**Excerpted data:**
<<<<

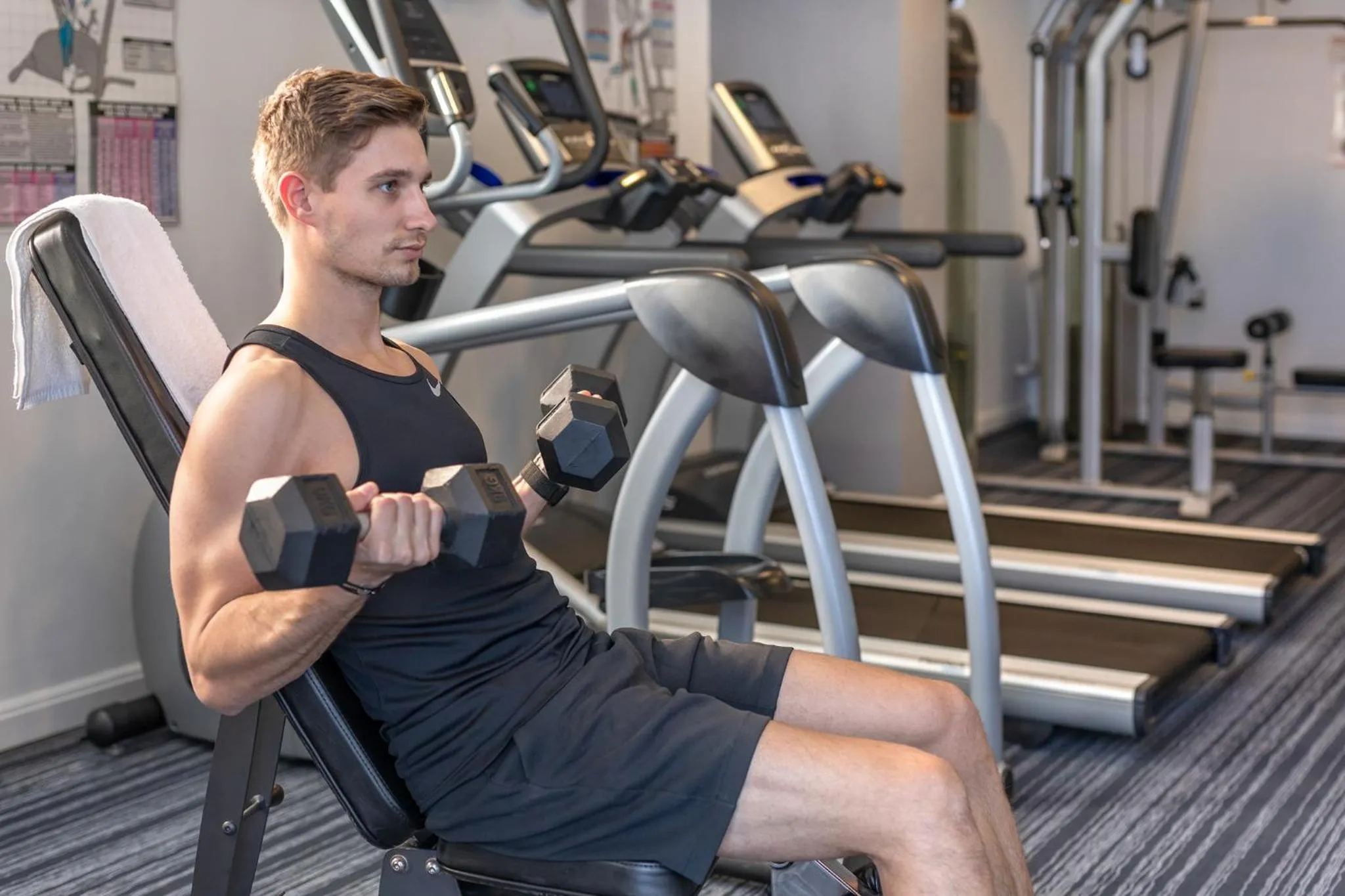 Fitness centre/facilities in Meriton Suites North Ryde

>>>>
<<<<

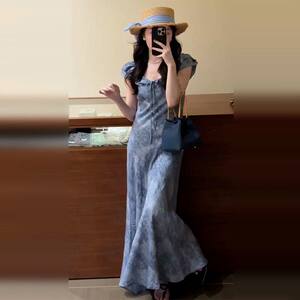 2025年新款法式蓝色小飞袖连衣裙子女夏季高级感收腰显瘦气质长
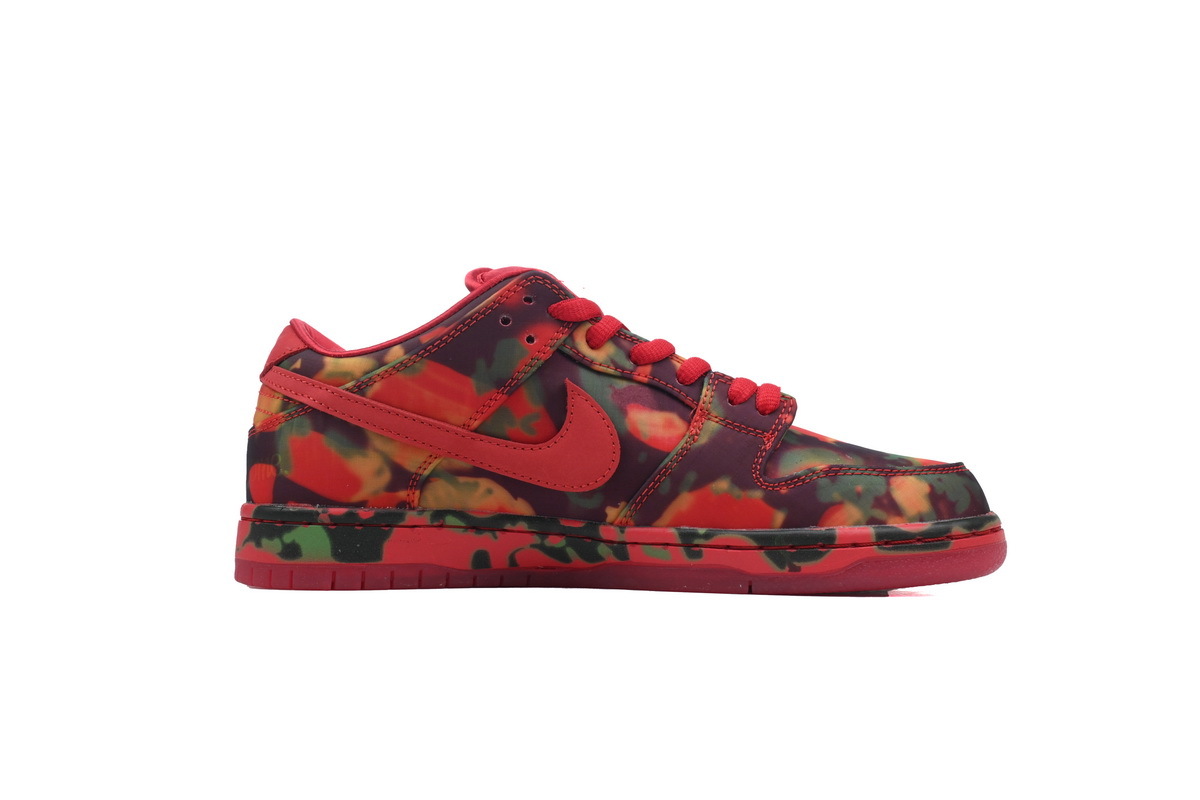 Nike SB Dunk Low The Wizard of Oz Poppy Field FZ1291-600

>>>>

**Exercise prompt:**
Looking at the listing above, which lines run from the one containing "2025年新款法式蓝色小飞袖连衣裙子女夏季高级感收腰显瘦气质长" through the one containing "Nike SB Dunk"? Print exactly those, ends included, pictures excluded.

**Result of the exercise:**
 2025年新款法式蓝色小飞袖连衣裙子女夏季高级感收腰显瘦气质长
 Nike SB Dunk Low The Wizard of Oz Poppy Field FZ1291-600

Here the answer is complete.